**GIVEN MATERIAL**.
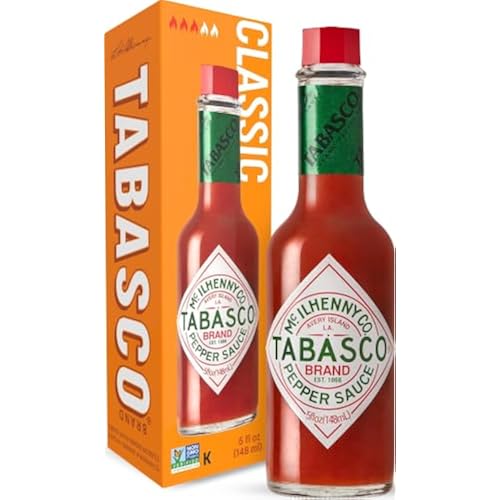 TABASCO Brand Original Red Pepper Sauce, Hot, 5 Oz Glass Bottle (1-Pack)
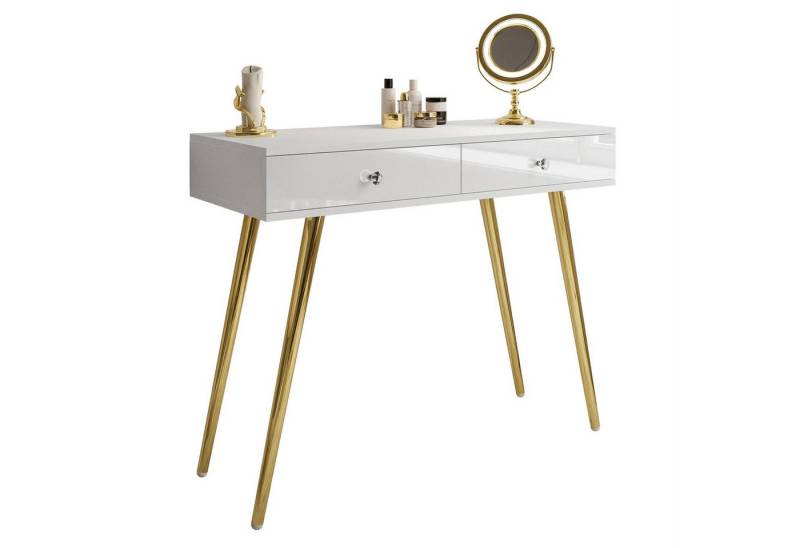 Lookway Konsolentisch SIENNA GOLD, Konsole mit Schubladen auf goldenen Beinen (1x Konsole), Breite: 100 cm von Lookway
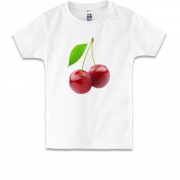 Детская футболка вишня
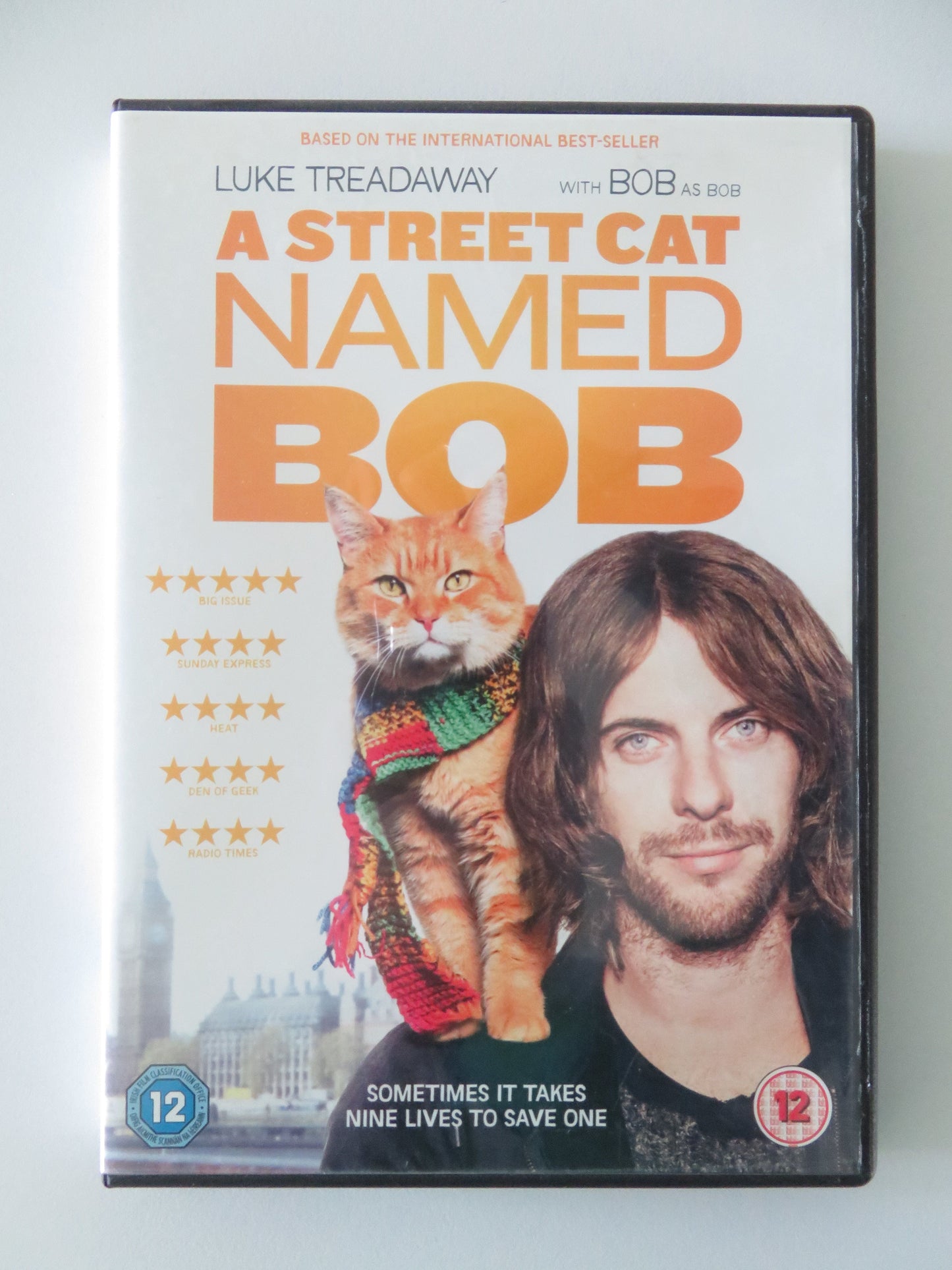 A Street Cat Named Bob (DVD) Luke Treadaway Ruta Gedmintas 2016 Region 2 Movie posters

**EXERCISE BRIEF**.
Using the listing above, copy every line from the line containing "Lookway Konsolentisch SIENNA" through the last one, both included, and no other lines. Pictures stay out.

**RESPONSE TO THE EXERCISE**.
 Lookway Konsolentisch SIENNA GOLD, Konsole mit Schubladen auf goldenen Beinen (1x Konsole), Breite: 100 cm von Lookway
 Детская футболка вишня
 A Street Cat Named Bob (DVD) Luke Treadaway Ruta Gedmintas 2016 Region 2 Movie posters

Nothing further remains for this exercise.